In the last several decades, biology has made a comprehensive transformation from a descriptive to a functional and molecular science. This has had a decisive effect on the future professional fields of biologists. Specialised knowledge and as much experience as possible in the application of special working methods and process technology are always advantageous when applying for a job. The following information applies to graduates with a bachelor’s degree, although a degree in a consecutive biological science master’s study programme is advantageous depending on the professional field. Despite the large number of applicants and the intense competition, the professional perspectives at biomedical facilities and large research institutions are good. However, in industry they greatly depend on the graduate's specialisation. The career opportunities in the administrative area are currently stagnating and are limited to the reoccupation of positions which have become vacant in nearly all areas.

The following professional fields are open to graduates on completion of their degree programme:

  • University and non-university research facilities (e.g.

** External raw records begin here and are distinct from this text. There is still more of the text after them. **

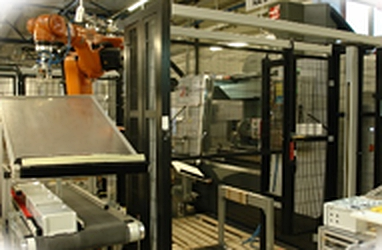 Robot cell automating machine handling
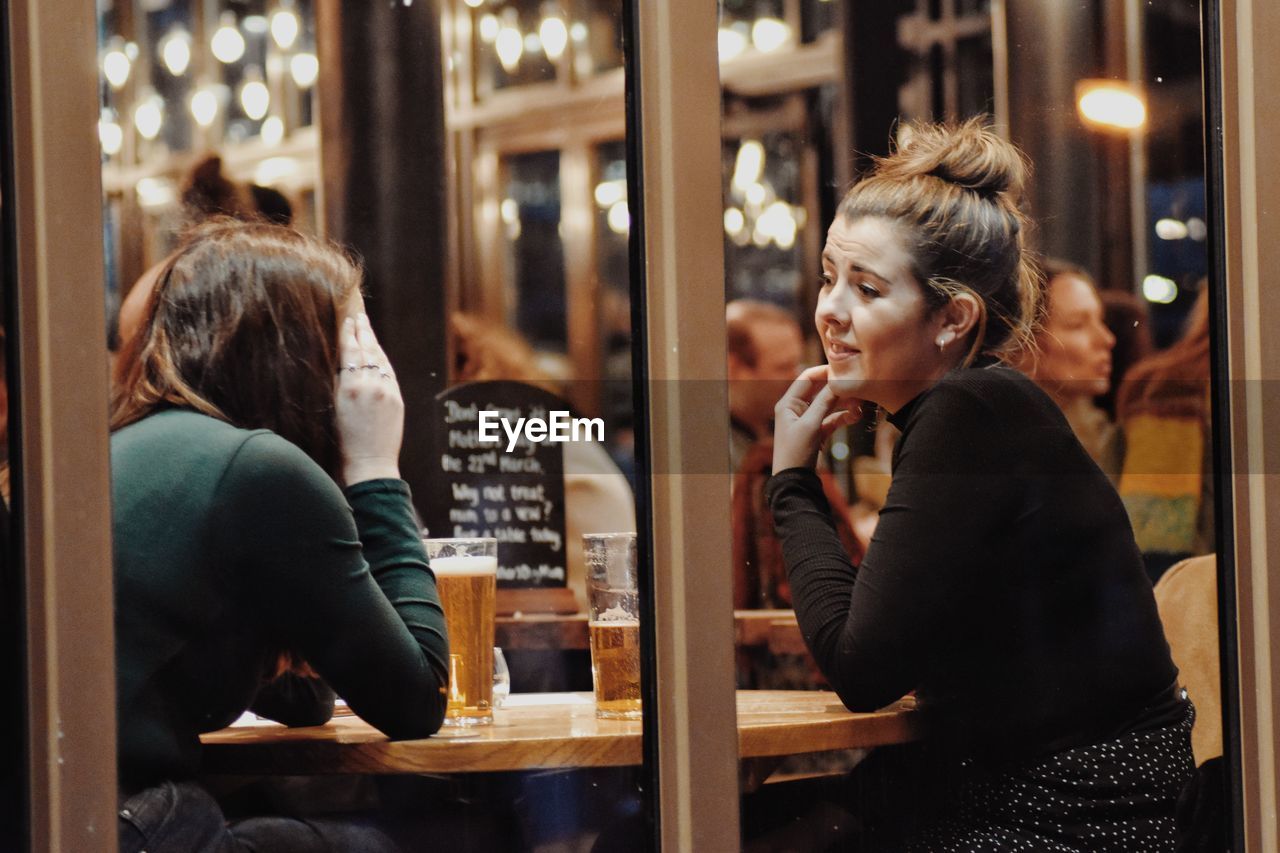 WOMAN SITTING AT RESTAURANT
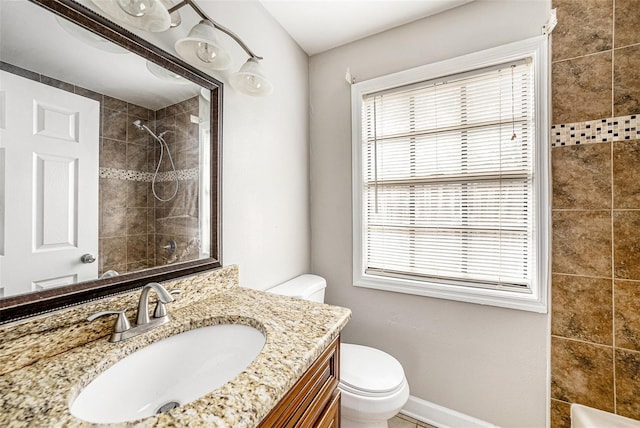 bathroom with baseboards, a tile shower, vanity, and toilet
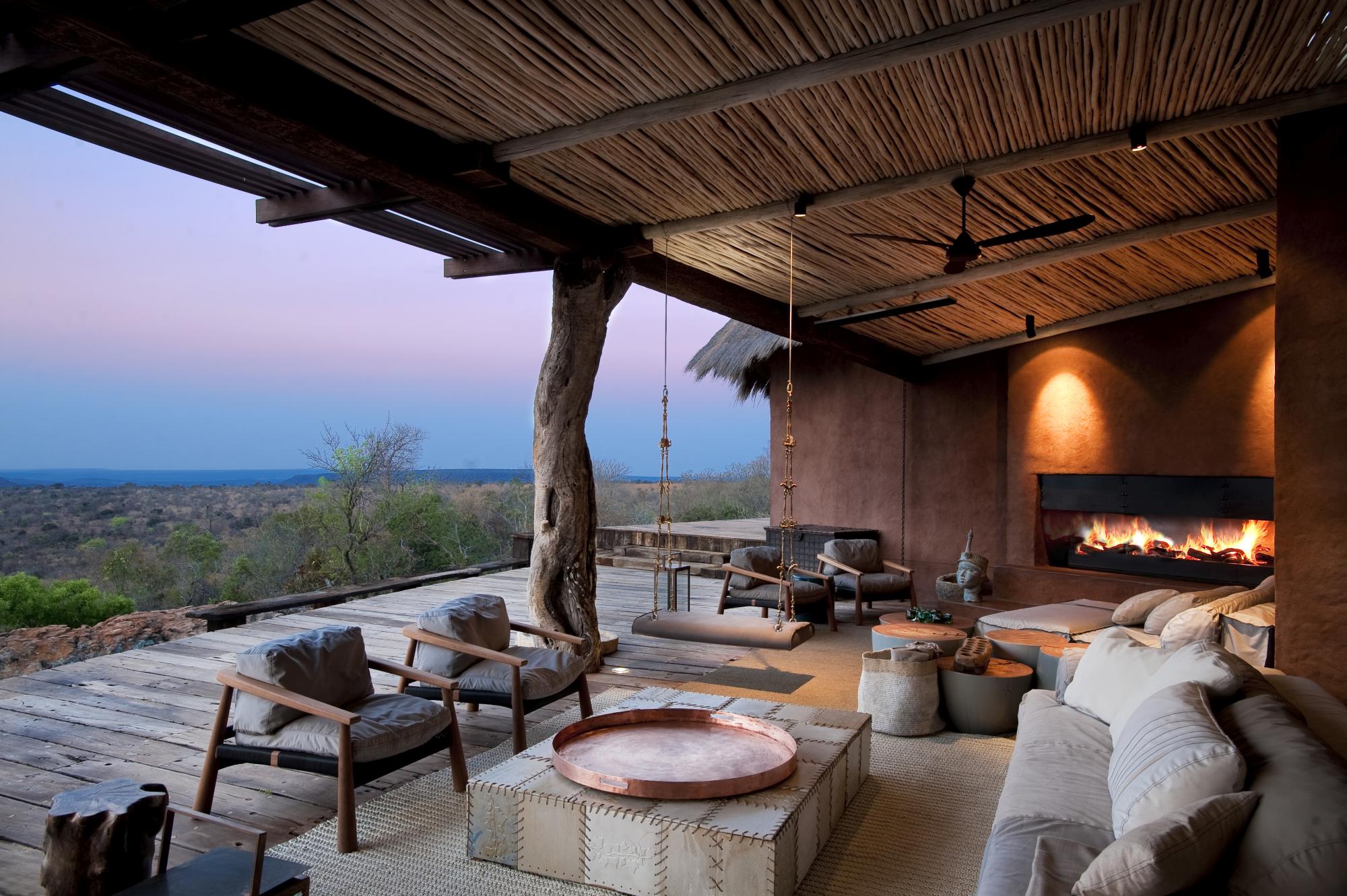 Outdoor covered terrace with fireplace at Leobo the Observatory, South Africa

Max Planck Institutes, institutes and facilities of the Fraunhofer Society, large research facilities, federal facilities with research orientation as well as research facilities of the Leibniz Society)
  • Medical facilities
  • Industry
  • Administration
  • Freelance or self-employed biologists, e.g.:
    • In environmental protection or environmental consulting
    • In nature and landscape planning (mapping, expert opinions, ecological auditing)
    • In scientific jouranlism
    • In publishing
    • In analytics (environmental analytics)
    • In contract research and testing institutes (e.g. plant/crop protection, chemical testing).

The largest fraction of the employment opportunities for biologists is in private companies (50 to 70%), particularly in the chemical-pharmaceutical industry, a third are in the university area, and the rest is distributed among the various government agencies and environmental offices. The areas of responsibility are, for example, for biologists working in medicine primarily work in planning and implementing research projects and the establishment or further development of new diagnostic methods. A PhD is generally advantageous in industry and the economy, especially in the field of research. It is an absolute prerequisite for a university career. Generally, first-semester students are advised to follow respective current development tendencies in the professional environment and to complete their degree programme quickly. They should already have discovered their individual inclinations and use them as a guide for their professional specialisation.